> **TASK DESCRIPTION**
Return all of the data that follows precisely, leaving every image out.

> **PROVIDED DATA**
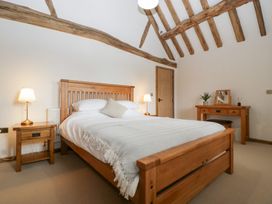 A bedroom with a bed and furniture at Two Parks Barn near Ross-On-Wye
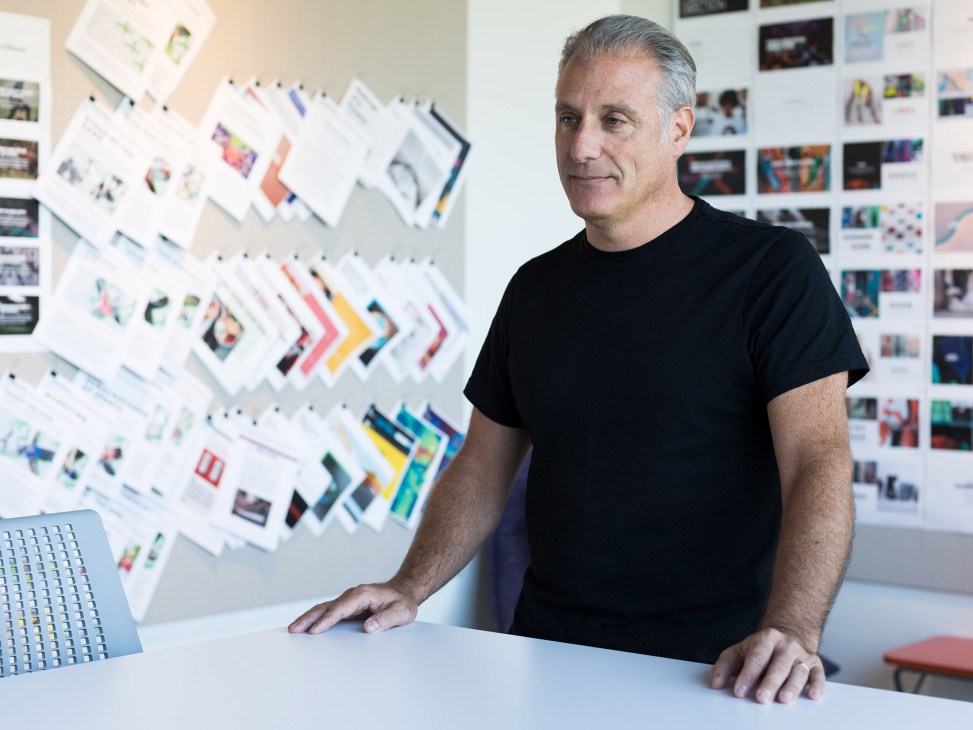 Paul Gaudio, Adidas global creative director, stands at a white table in a modern office with design boards on the wall behind him.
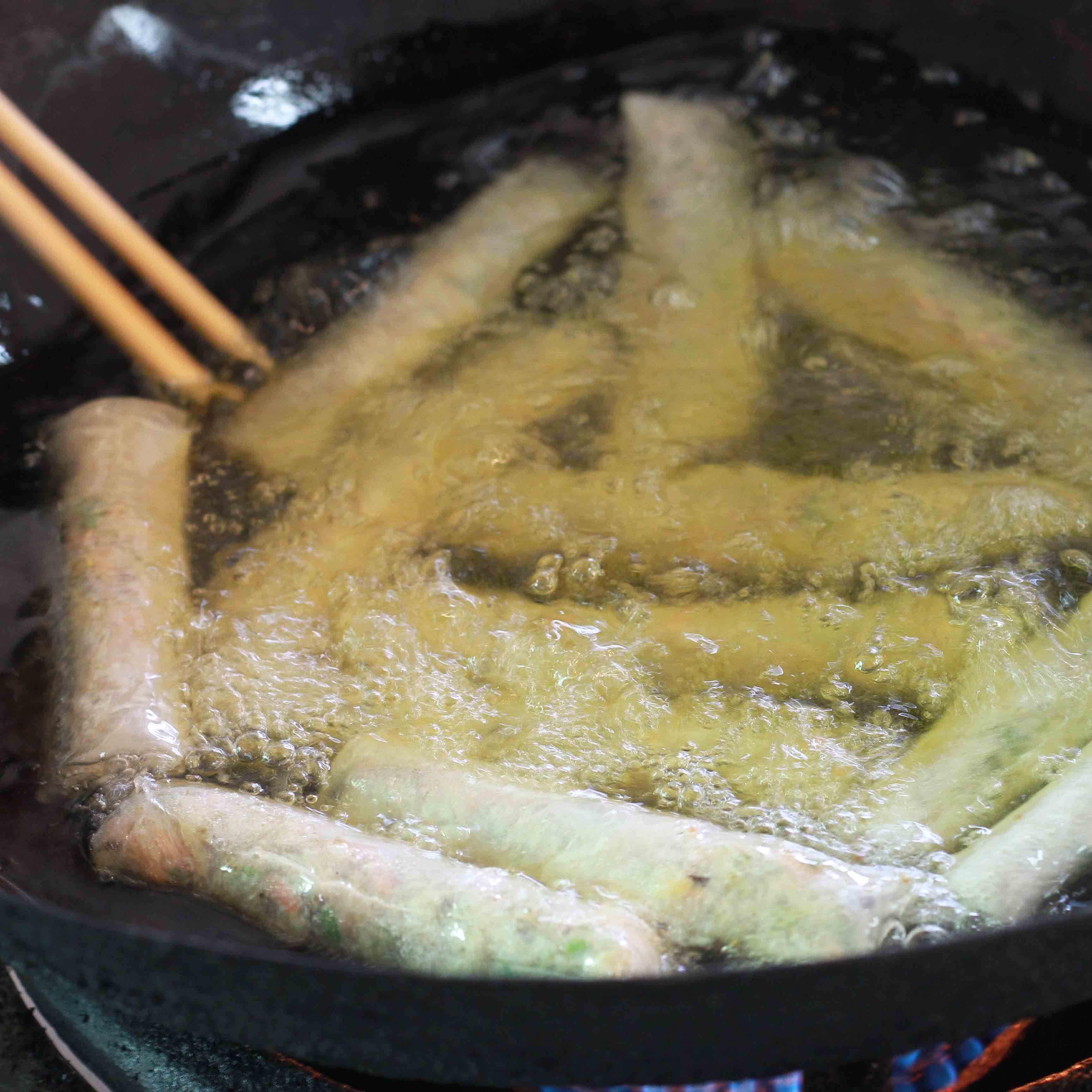 cooking fried spring rolls at Hoa Sua School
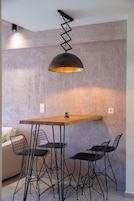 Un comedor con una mesa, cuatro sillas, una lámpara colgante y una pared con textura.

> **FINAL ANSWER**
 A bedroom with a bed and furniture at Two Parks Barn near Ross-On-Wye
 Paul Gaudio, Adidas global creative director, stands at a white table in a modern office with design boards on the wall behind him.
 cooking fried spring rolls at Hoa Sua School
 Un comedor con una mesa, cuatro sillas, una lámpara colgante y una pared con textura.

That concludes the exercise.